[Supplied material Boundary: Start]

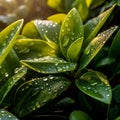 AI generated green shrub leaves with water drops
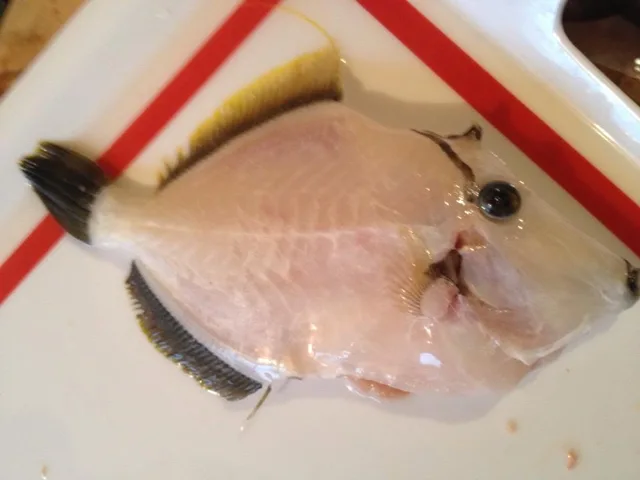 高知県・柏島での柏島ツアーの夕食に出されたカワハギの刺身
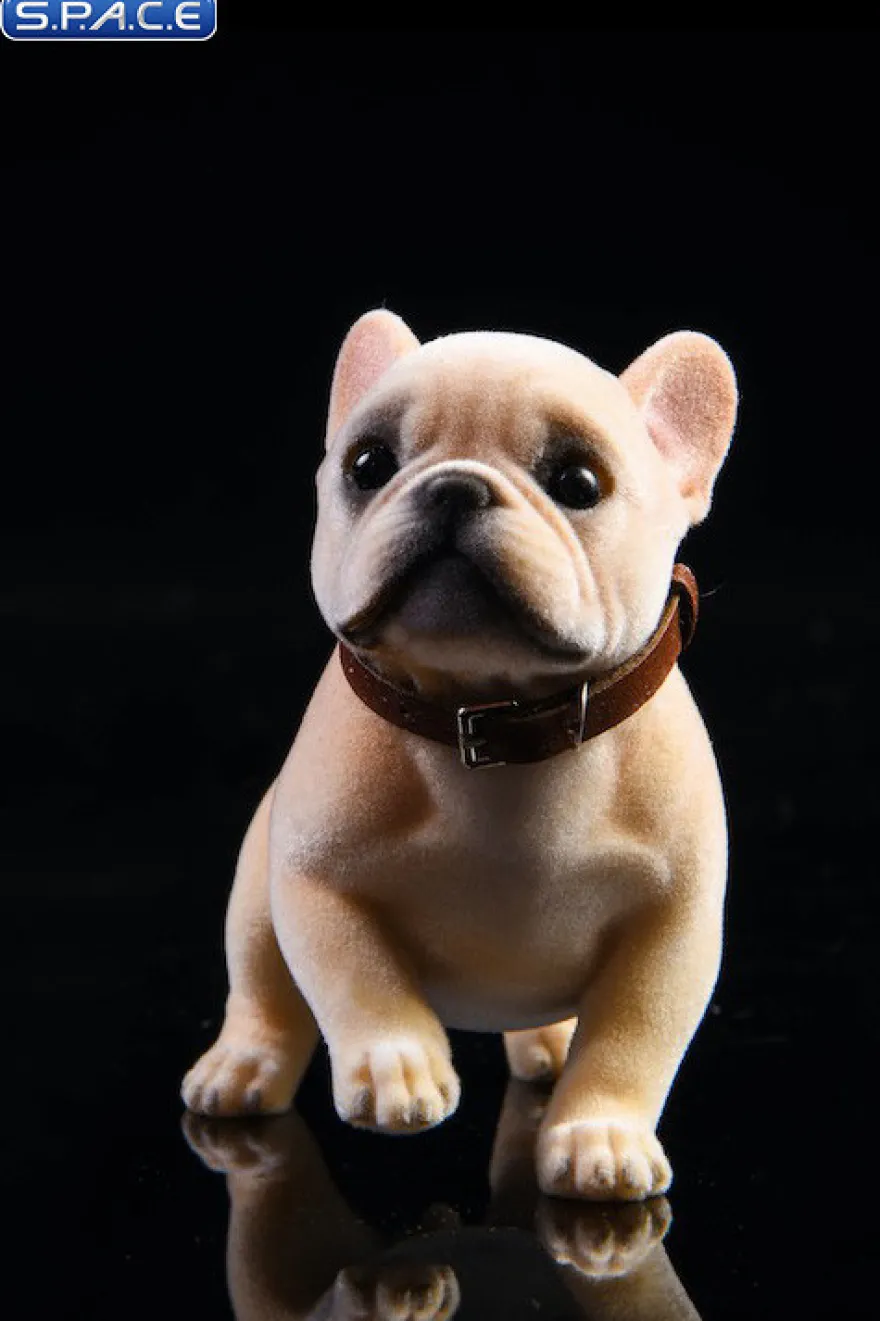 1/6 Scale French Bulldog Puppy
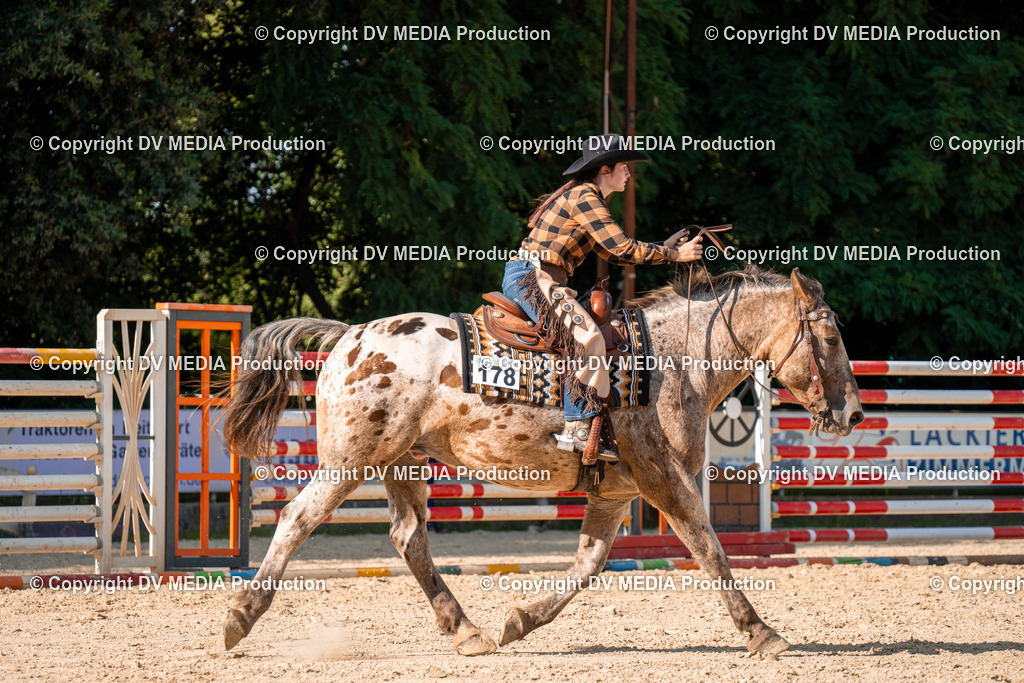 ZH100842 | dv-media-shop - Realisiert mit Pictrs.com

[Supplied material Boundary: End]

* [The problem] Everything from the line containing "1/6 Scale French Bulldog Puppy" through the final line of the material must be set down exactly, except the pictures.

* [Response to this task]
 1/6 Scale French Bulldog Puppy
 ZH100842 | dv-media-shop - Realisiert mit Pictrs.com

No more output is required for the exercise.